Is ChatGPT really more creative than humans? New research provides an intriguing test

(Photo credit: OpenAI's DALL·E)

While some high-profile research suggests that artificial intelligence (AI) has surpassed human creativity, a recent study in the International Journal of Human–Computer Interaction offers a more nuanced view. Scientists found that although AI excels at generating diverse interpretations of ambiguous images, human judges still perceive human responses as more creative. These results indicate that human creativity still holds an edge over AI in certain domains.

The rapid development and implementation of AI systems, such as ChatGPT by OpenAI, Llama from Meta, and Google Bard, have sparked widespread discussion about their impact on society and the concept of creativity. As AI continues to advance and perform tasks traditionally reserved for humans, there are growing concerns about the displacement of human labor, implications for education, and the ethical dimensions of AI-generated content.

“We were interested in exploring this topic because of the rapid advancement of AI language models like ChatGPT that can generate remarkably human-like text outputs. We are interested in understanding the current capabilities of these models compared to humans’ performance. More generally, we are interested in understanding how these AI will change the way humans perceive creativity and what type of social impact these AI models may have,” explained study author Simone Grassini, an associate professor at the University of Bergen.

There has been considerable excitement alongside concerns about whether AI will eventually surpass human capabilities for creative tasks. In this study, we aimed to empirically investigate the current state of AI’s creative abilities in comparison to humans.

To explore the comparative creative abilities of AI and humans, the researchers utilized a newly developed task known as the Figural Interpretation Quest (FIQ). This task involves interpreting ambiguous, abstract figures. The task is designed to evaluate divergent thinking, a cognitive process that involves generating multiple, unique solutions or ideas in response to an open-ended problem. It contrasts with convergent thinking, which focuses on finding a single, correct solution.

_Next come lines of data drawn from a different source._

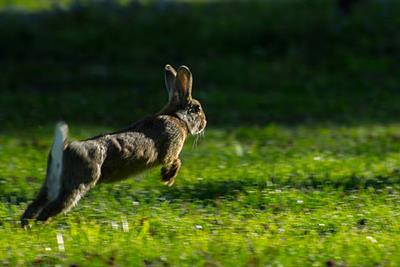 hopping-bunny.jpg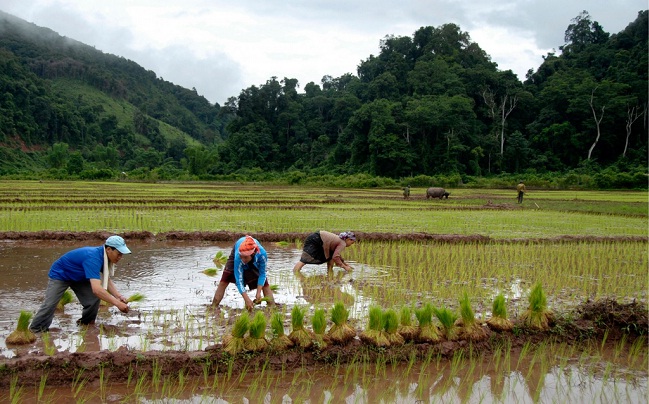cultiver-le-riz-a-phongsaly-laos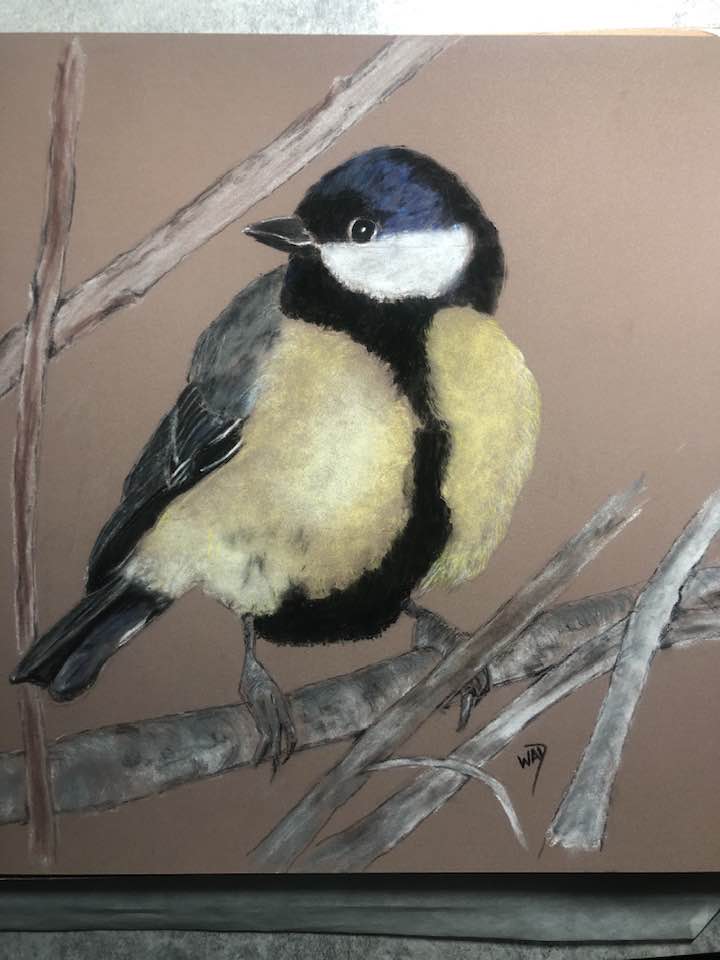 Great Tit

Grassini noted that the FIQ “is multimodal in nature – requiring both the perception of an ambiguous visual image and the generation of a creative textual interpretation of that image. Crucially, the FIQ is a recently developed test, meaning the AI system we tested (ChatGPT-4) could not have encountered optimal responses in its training data up to 2021. This allowed us to evaluate the AI’s ability to ‘come up’ with original creative solutions, rather than simply retrieving responses from its training memory (an important limitation shared by all the previously published studies on the topic).”

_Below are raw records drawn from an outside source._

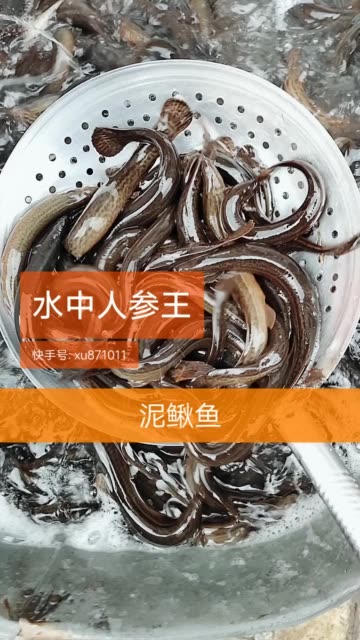 泥鳅王来晚没有了 5842     47 赞                   评论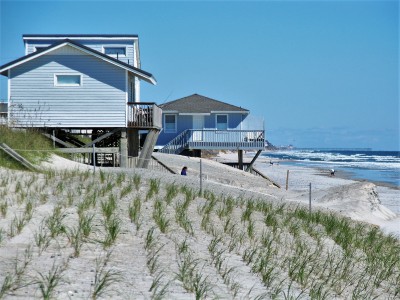 Plantings that are part of a recent renourishment project at North Topsail Beach appear unaffected by the recent storm that otherwise did about $15.6 million damage to the town’s beach and dune line. Photo: Mark Hibbs, Coastal Review Online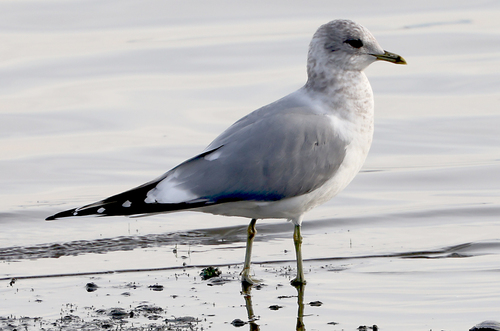 Short-billed Gull (Larus brachyrhynchus), photo 7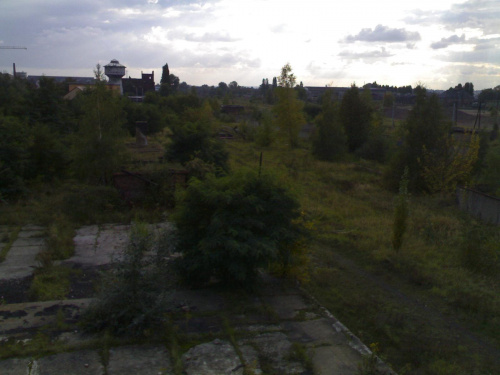 Teren 21
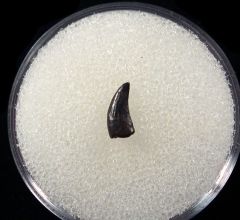 Hell Creek Acheroraptor tooth for sale | Buried Treasure Fossils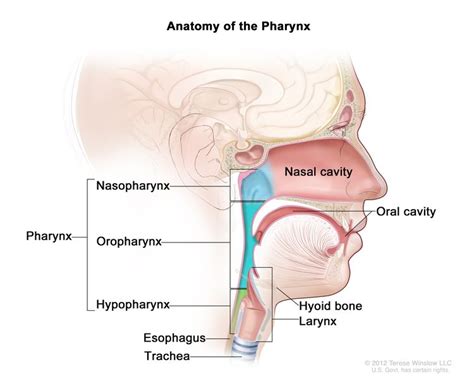 Oral Cavity, Oropharynx, Hypopharynx, & Larynx Cancer Prevention - NCI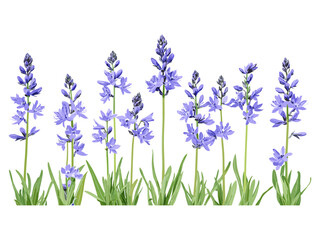Vector illustration of Camassia leichtlinii Blue Danube, Camas, isolated frontal flower, garden plant, wildflower species, spring blossom, botanical art, natural flora, decorative leaf design.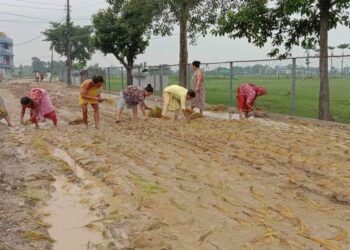 स्थानीयद्वारा सडकमै धान रोपाइँ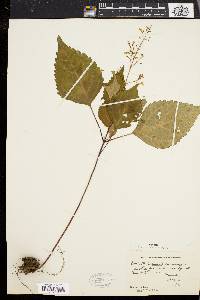 Collinsonia canadensis image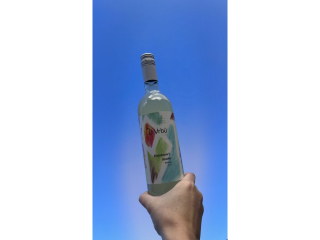 MOŠT 2023 Vinařství U Vrbů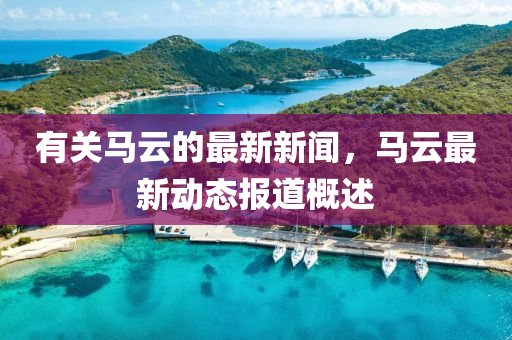 有關(guān)馬云的最新新聞，馬云最新動(dòng)態(tài)報(bào)道概述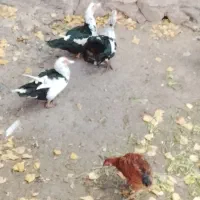 مرغ و خروس گلپایگانی|حیوانات مزرعه|آبعلی, |دیوار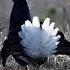 Съемка с тетеревиного тока Black Grouse Lyrurus Tetrix L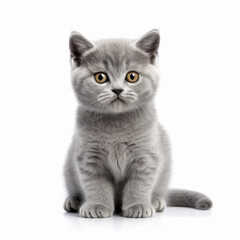 Cute Kitten Cat isolated on white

The study included 279 native English speakers recruited through an online platform, of whom 256 completed the study. These participants were asked to provide two different interpretations for each of four ambiguous figures. The goal was to produce interpretations that were as semantically different from each other as possible. Participants were given 30 seconds to enter their interpretations for each figure, ensuring they responded under a time constraint that mirrored real-world creative tasks.

In parallel, ChatGPT-4, an advanced AI chatbot, was also tested using the same four figures. The AI was prompted to generate responses of varying lengths (one, two, or three words) to simulate the distribution of response lengths observed in human data. This was done to ensure a fair comparison between human and AI responses. The AI sessions were conducted multiple times to gather a robust dataset of AI-generated interpretations.

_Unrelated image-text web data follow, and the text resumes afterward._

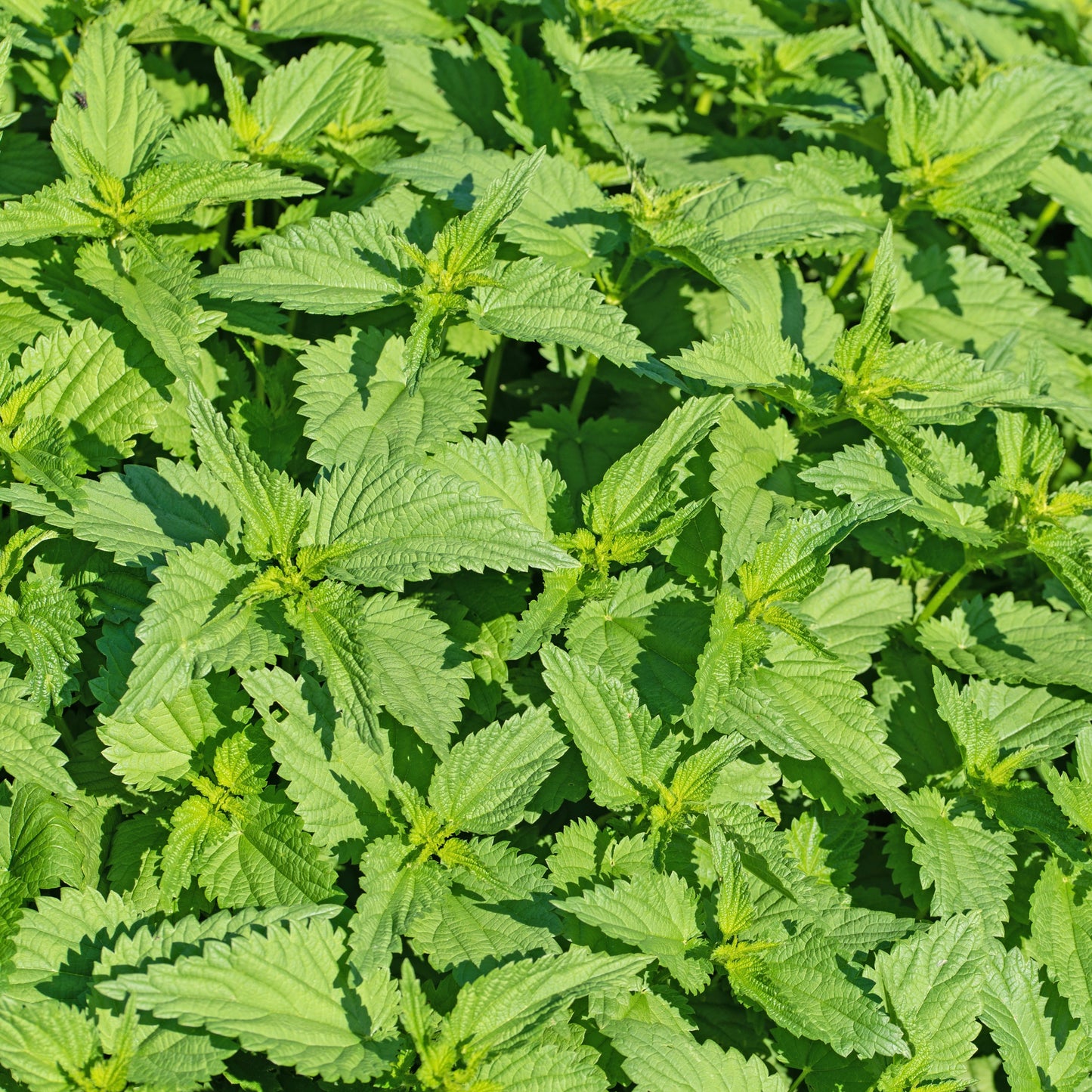 Nettles, Stinging (Urtica dioica)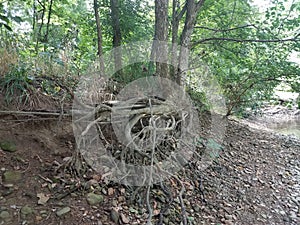 Tree with exposed roots and rocks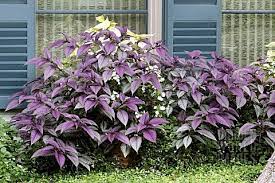 Bep4889 Strobilanthes Dyerianus Persian Shield Asset Details Shade Plants Perennial Plants Plants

The researchers employed two primary measures to assess creativity: flexibility and perceived creativity.

Flexibility was evaluated using the semantic distance between the two interpretations provided for each figure. The larger the semantic distance, the more flexible the responses were considered to be. This measure was calculated using the SemDis platform, which analyzes the degree of difference between the meanings of two responses.

To assess perceived creativity, a panel of eleven human judges, who were blind to whether the responses were from humans or the AI, rated each interpretation on a scale from 0 to 2. A score of 0 indicated a basic or non-creative response, 1 indicated a creative response, and 2 indicated an exceptionally creative interpretation. The judges were psychology students who rated the responses as part of their research training or in exchange for university credits.

The researchers found that ChatGPT-4 demonstrated a higher average level of flexibility in generating interpretations compared to humans. This indicates that AI was adept at producing semantically diverse ideas, showcasing its ability to think divergently across different contexts.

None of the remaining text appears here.